Gitweb:     
http://git.kernel.org/git/?p=linux/kernel/git/torvalds/linux-2.6.git;a=commit;h=dfde5d62ed9b28b0bda676c16e8cb635df244ef2
Commit:     dfde5d62ed9b28b0bda676c16e8cb635df244ef2
Parent:     a6f6e6e6ab464c9d1dff66570b78be2f66d8ba3d
Author:     Venkatesh Pallipadi <[EMAIL PROTECTED]>
AuthorDate: Tue Oct 3 12:38:45 2006 -0700
Committer:  Dave Jones <[EMAIL PROTECTED]>
CommitDate: Sun Oct 15 19:57:11 2006 -0400

    [CPUFREQ][8/8] acpi-cpufreq: Add support for freq feedback from hardware
    
    Enable ondemand governor and acpi-cpufreq to use IA32_APERF and IA32_MPERF 
MSR
    to get active frequency feedback for the last sampling interval. This will
    make ondemand take right frequency decisions when hardware coordination of
    frequency is going on.
    
    Without APERF/MPERF, ondemand can take wrong decision at times due
    to underlying hardware coordination or TM2.
    Example:
    * CPU 0 and CPU 1 are hardware cooridnated.
    * CPU 1 running at highest frequency.
    * CPU 0 was running at highest freq. Now ondemand reduces it to
      some intermediate frequency based on utilization.
    * Due to underlying hardware coordination with other CPU 1, CPU 0 continues 
to
      run at highest frequency (as long as other CPU is at highest).

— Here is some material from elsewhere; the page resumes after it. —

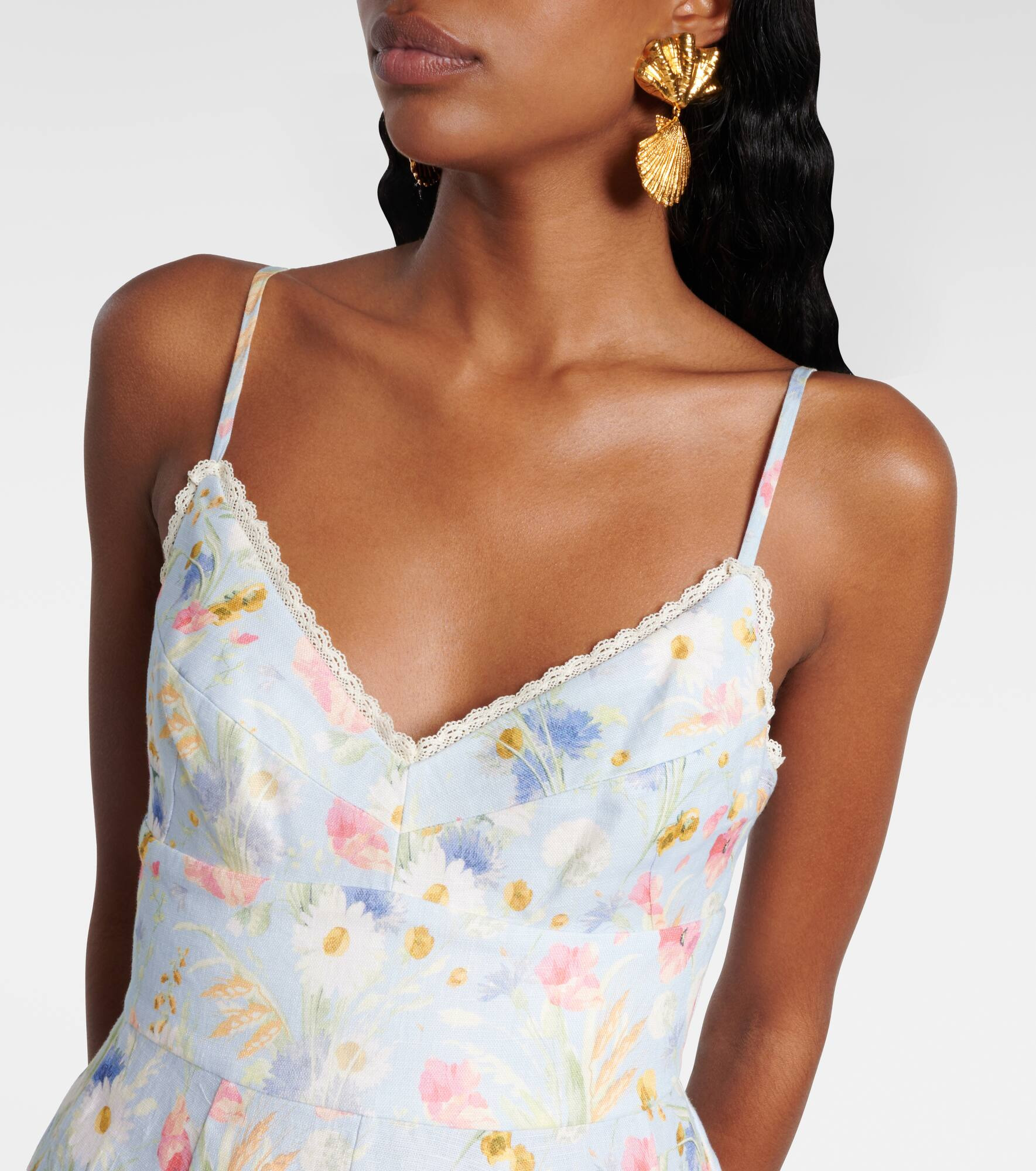 Lucky floral linen minidress - 4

    * When ondemand samples CPU 0 again next time, without actual frequency
      feedback from APERF/MPERF, it will think that previous frequency change
      was successful and can go to wrong target frequency. This is because it
      thinks that utilization it has got this sampling interval is when running 
at
      intermediate frequency, rather than actual highest frequency.
    
    More information about IA32_APERF IA32_MPERF MSR:
    Refer to IA-32 IntelĀ® Architecture Software Developer's Manual at
    http://developer.intel.com
    
    Signed-off-by: Venkatesh Pallipadi <[EMAIL PROTECTED]>
    Signed-off-by: Dave Jones <[EMAIL PROTECTED]>
---
 arch/i386/kernel/cpu/cpufreq/acpi-cpufreq.c |  107 ++++++++++++++++++++++++++-
 drivers/cpufreq/cpufreq.c                   |   20 +++++
 drivers/cpufreq/cpufreq_ondemand.c          |    9 ++-
 include/asm-i386/msr.h                      |    3 +
 include/asm-x86_64/msr.h                    |    3 +
 include/linux/cpufreq.h                     |    3 +
 6 files changed, 143 insertions(+), 2 deletions(-)

diff --git a/arch/i386/kernel/cpu/cpufreq/acpi-cpufreq.c 
b/arch/i386/kernel/cpu/cpufreq/acpi-cpufreq.c
index 8b0c7db..f8a8e46 100644
--- a/arch/i386/kernel/cpu/cpufreq/acpi-cpufreq.c
+++ b/arch/i386/kernel/cpu/cpufreq/acpi-cpufreq.c
@@ -58,10 +58,12 @@ enum {
 };
 
 #define INTEL_MSR_RANGE                (0xffff)
+#define CPUID_6_ECX_APERFMPERF_CAPABILITY      (0x1)
 
 struct acpi_cpufreq_data {
        struct acpi_processor_performance *acpi_data;
        struct cpufreq_frequency_table *freq_table;
+       unsigned int max_freq;
        unsigned int resume;
        unsigned int cpu_feature;
 };
@@ -258,6 +260,100 @@ static u32 get_cur_val(cpumask_t mask)
        return cmd.val;
 }
 
+/*
+ * Return the measured active (C0) frequency on this CPU since last call
+ * to this function.
+ * Input: cpu number
+ * Return: Average CPU frequency in terms of max frequency (zero on error)
+ *
+ * We use IA32_MPERF and IA32_APERF MSRs to get the measured performance
+ * over a period of time, while CPU is in C0 state.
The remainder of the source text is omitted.